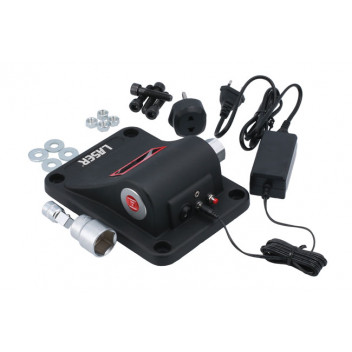 LASER Digital Torque Tester 25-500Nm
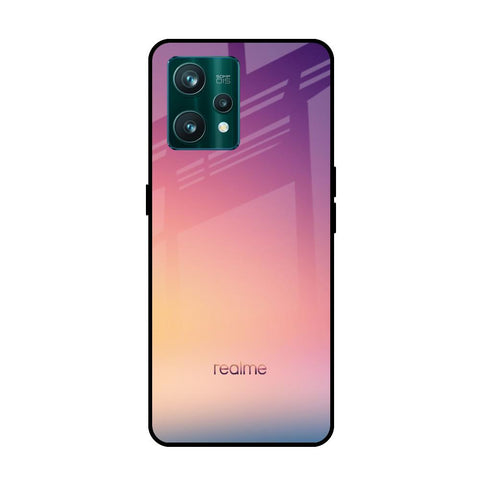 Lavender Purple Glossy case for Realme 9 Pro 5G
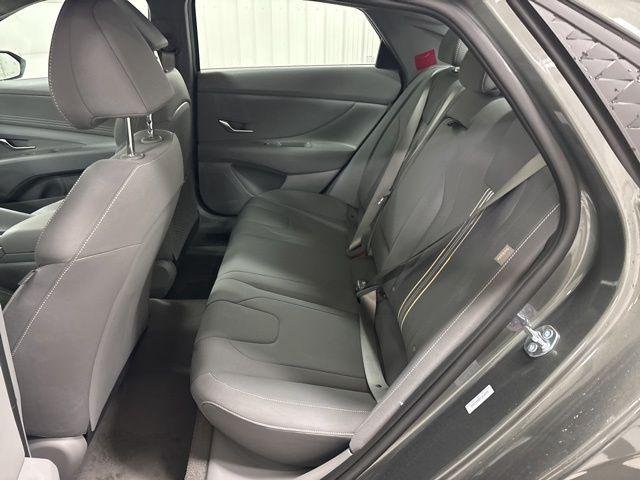 New 2026 Gray Hyundai SEL Sport Premium image 25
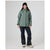 Roxy Billie Jacket - Women's Duck Green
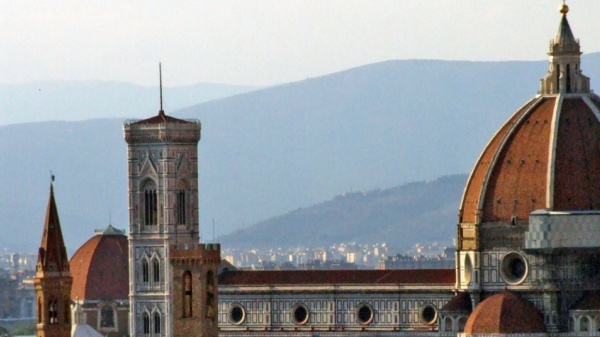 "Mysteries of Florence" Guided Tour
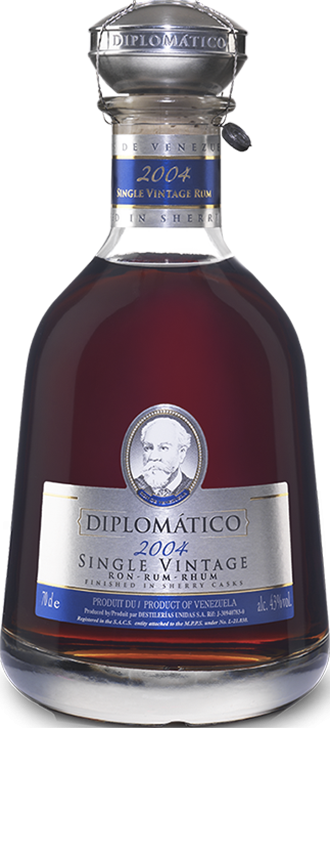 DIPLOMATICO SINGLE VINTAGE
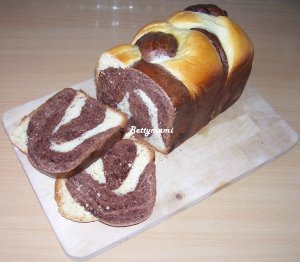 Kakaós fonott kalács 2._2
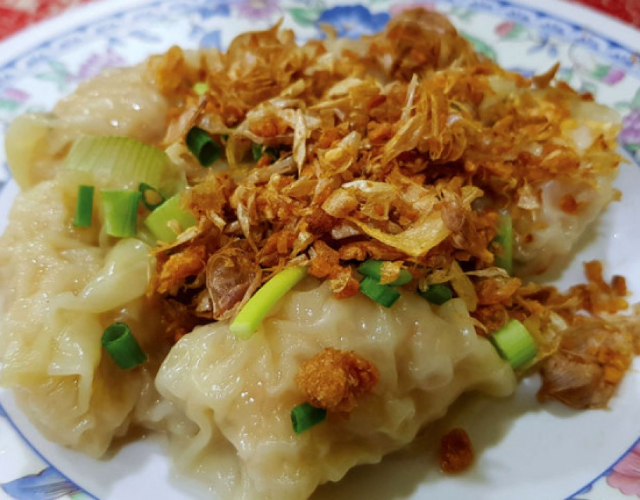 La cuisine de Jok - Khet Dusit | Secret World Trip Planner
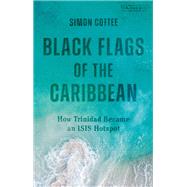 Black Flags of the Caribbean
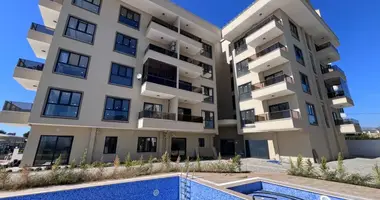 Penthouse 1 chambre dans Konakli, Turquie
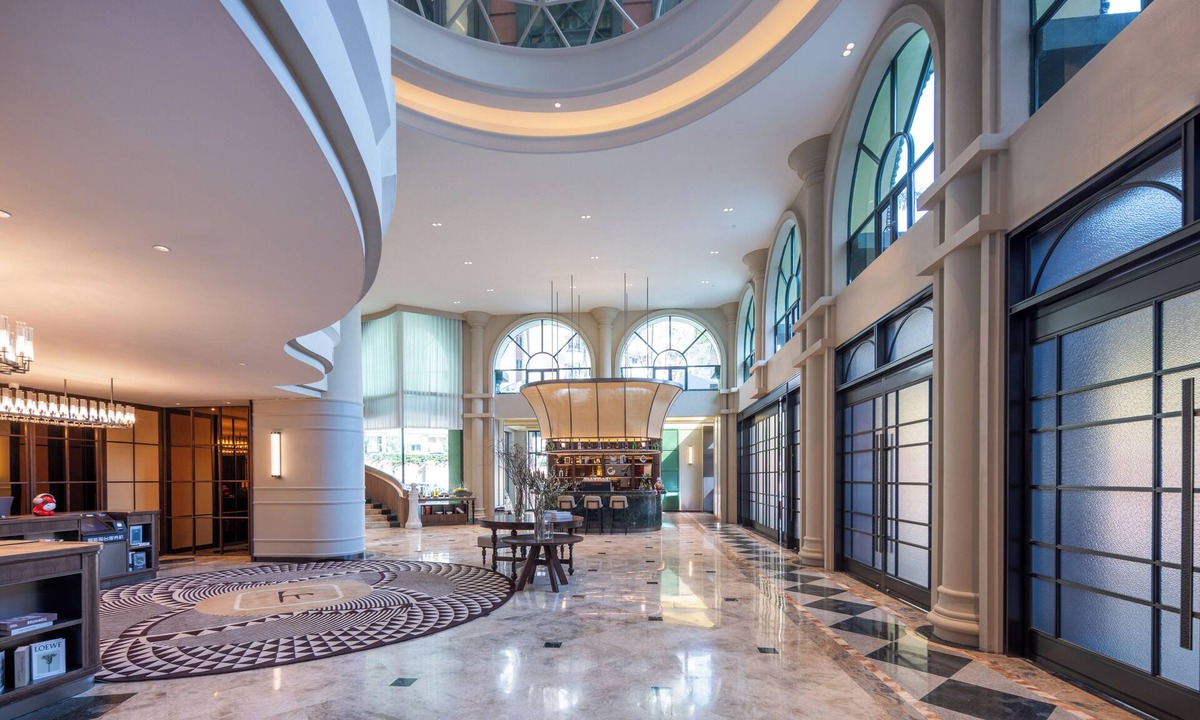 Zhuhai Gongbei Hotel | UrCove by HYATT Zhuhai Gongbei Port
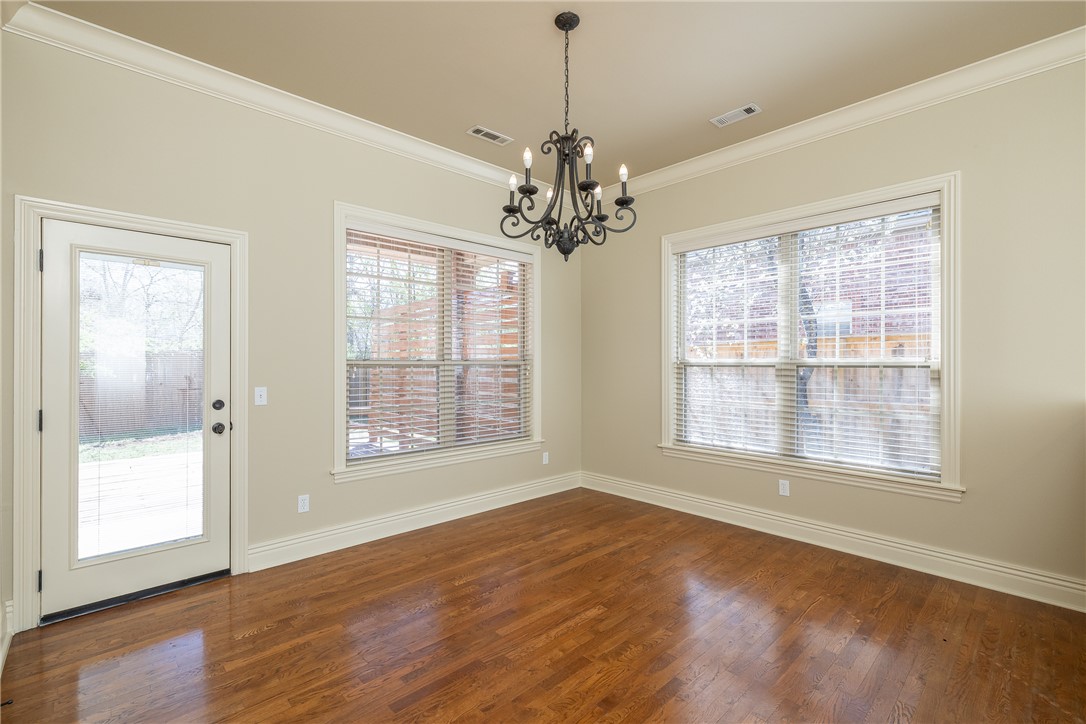 Crystal Cove - Residential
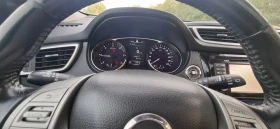 Nissan X-trail TEKNA, снимка 14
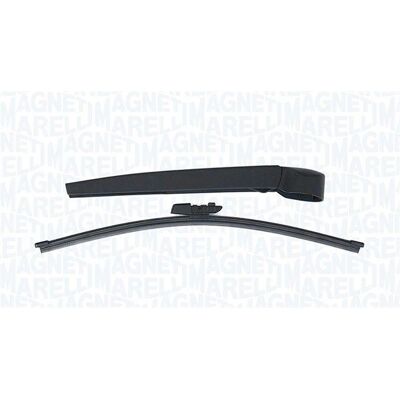 MAGNETI MARELLI 000723180346 Tuulilasinpyyhkijä - Tuulilasinpyyhkijä MAGNETI MARELLI 000723180346 Tuulilasinpyyhkijä - Tuulilasinpyyhkijä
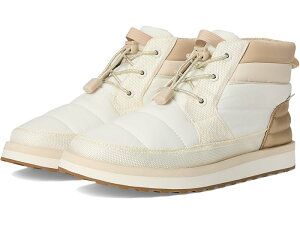 (���) �T�k�[�N ���f�B�[�X �p�t�B�[ �`���[ �~�b�h 2 �O���� Sanuk women Puffy Chiller Mid 2 Glam Champagne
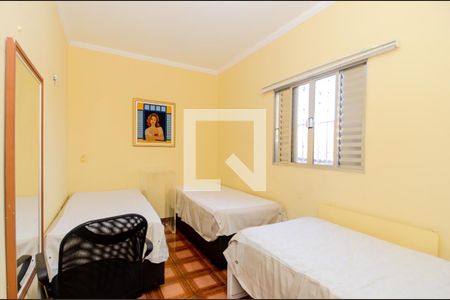 Suíte 1 de casa à venda com 4 quartos, 260m² em Jardim Bela Vista, Guarulhos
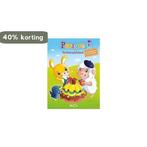 De paashaas en zijn vriendjes / Pasen / 0 9789037499513, Verzenden, Gelezen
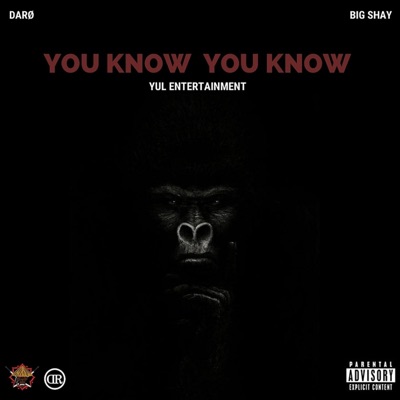 You Know You Know - Single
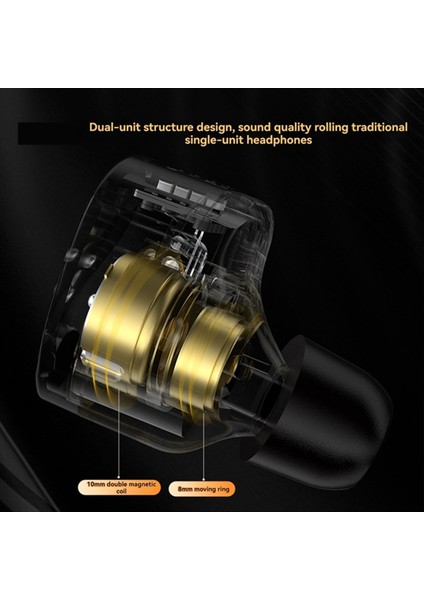 Kz Castor Kulak Kulaklıkları (Yurt Dışından) indirimleri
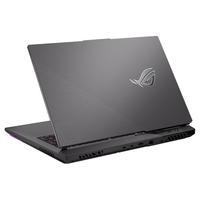 ROG 玩家国度 魔霸7 Plus 七代锐龙版 17.3英寸 游戏本 灰色(锐龙R9-7845HX、RTX 4070 8G、16GB、1TB SSD、2.5K、IPS、240Hz)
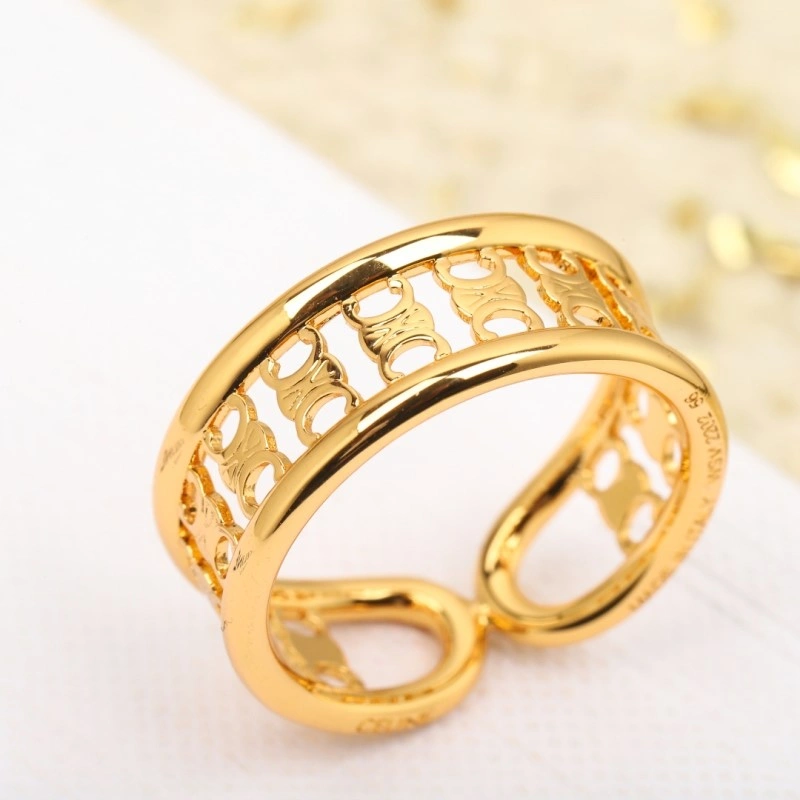 WrinkleFree Celine Rings 217973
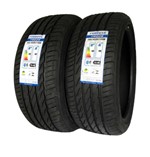 Ficha técnica e caractérísticas do produto Kit 2 Pneus Farroad 205/45 R17 Frd26 Xl 88w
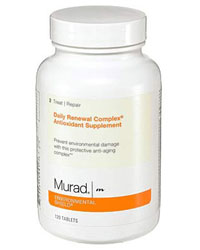 Murad Environmental Shield Antioxidant Supplement
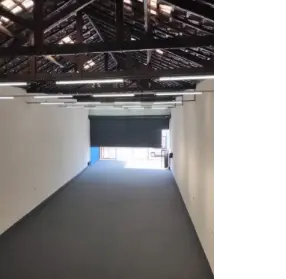 Imagem: Galpão / Salão para Alugar, Belém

To do:
Write the material above out again exactly as it reads, but don't carry over the pictures.

Task answer:
 LASER Digital Torque Tester 25-500Nm
 Lavender Purple Glossy case for Realme 9 Pro 5G
 New 2026 Gray Hyundai SEL Sport Premium image 25
 Roxy Billie Jacket - Women's Duck Green
 "Mysteries of Florence" Guided Tour
 DIPLOMATICO SINGLE VINTAGE
 Kakaós fonott kalács 2._2
 La cuisine de Jok - Khet Dusit | Secret World Trip Planner
 Black Flags of the Caribbean
 Penthouse 1 chambre dans Konakli, Turquie
 Zhuhai Gongbei Hotel | UrCove by HYATT Zhuhai Gongbei Port
 Crystal Cove - Residential
 Nissan X-trail TEKNA, снимка 14
 MAGNETI MARELLI 000723180346 Tuulilasinpyyhkijä - Tuulilasinpyyhkijä MAGNETI MARELLI 000723180346 Tuulilasinpyyhkijä - Tuulilasinpyyhkijä
 (���) �T�k�[�N ���f�B�[�X �p�t�B�[ �`���[ �~�b�h 2 �O���� Sanuk women Puffy Chiller Mid 2 Glam Champagne
 Suíte 1 de casa à venda com 4 quartos, 260m² em Jardim Bela Vista, Guarulhos
 De paashaas en zijn vriendjes / Pasen / 0 9789037499513, Verzenden, Gelezen
 You Know You Know - Single
 Kz Castor Kulak Kulaklıkları (Yurt Dışından) indirimleri
 ROG 玩家国度 魔霸7 Plus 七代锐龙版 17.3英寸 游戏本 灰色(锐龙R9-7845HX、RTX 4070 8G、16GB、1TB SSD、2.5K、IPS、240Hz)
 WrinkleFree Celine Rings 217973
 Ficha técnica e caractérísticas do produto Kit 2 Pneus Farroad 205/45 R17 Frd26 Xl 88w
 Murad Environmental Shield Antioxidant Supplement
 Imagem: Galpão / Salão para Alugar, Belém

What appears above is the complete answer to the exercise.